June 11, 2014 5:15 am JST

Six in 10 Japanese companies see yen holding steady vs. dollar

TOKYO -- Corporate Japan is not counting on another boost to earnings from a weak yen, with a majority of companies expecting the Japanese currency to change little against the dollar compared with last fiscal year.

     Nearly 60% of 362 major companies are assuming a yen-dollar exchange rate of 100 for the year ending next March. Among them are Toyota, Honda and Komatsu. Mitsubishi Electric reckons the yen will strengthen to 95 to the dollar, while Panasonic expects it to weaken to 105. The average estimate was 100.7.

     Toyota's annual operating profit grows by 40 billion yen ($390 million) every time the yen weakens by 1 against the dollar. Favorable exchange rates pushed up earnings at the seven leading Japanese automakers by roughly 1.8 trillion yen last fiscal year. But they cannot hope for another such windfall this time.

     More than 90% of the companies see the yen at 130-140 against the euro this fiscal year. Ken Osuga, a senior executive officer at Konica Minolta, says it is hard to imagine the euro strengthening beyond 135.

     Should the yen weaken by 1 against the dollar and the euro, pretax profit growth at 250 leading Japanese companies would rise by 0.7 to 0.8 percentage point this fiscal year, says Keiichi Ito, chief quantitative analyst at SMBC Nikko Securities.

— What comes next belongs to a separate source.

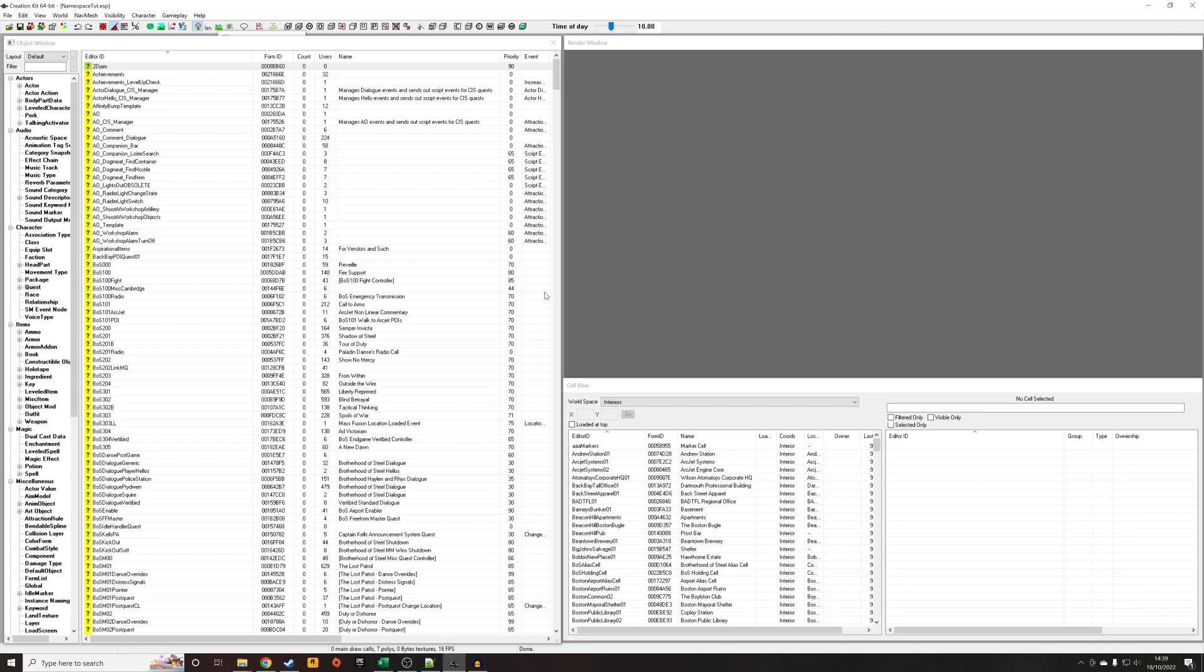So that is now ready to be uploaded to your mod upload site of choice. Hopefully that was useful, hopefully that was clear. Thank you for watching and goodbye.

     If anything, companies have more to worry about from emerging-market currencies. Of the 67 billion yen that Honda expects exchange rate movements to bite off its fiscal 2014 operating profit, more than 40 billion yen likely owes to emerging-market currencies. The Brazilian real's weakness against the dollar will undercut profit by 15 billion yen, Director Kohei Takeuchi says. Honda also sees the Thai baht and Russian ruble moving in the wrong direction. That said, the automaker's estimates look conservative.

     Toyota expects currency movements to knock 95 billion yen off operating profit. Here, too, emerging markets are to blame. A weak real will inflate the cost of making cars in Brazil with imported parts paid for in dollars, says Managing Officer Takuo Sasaki.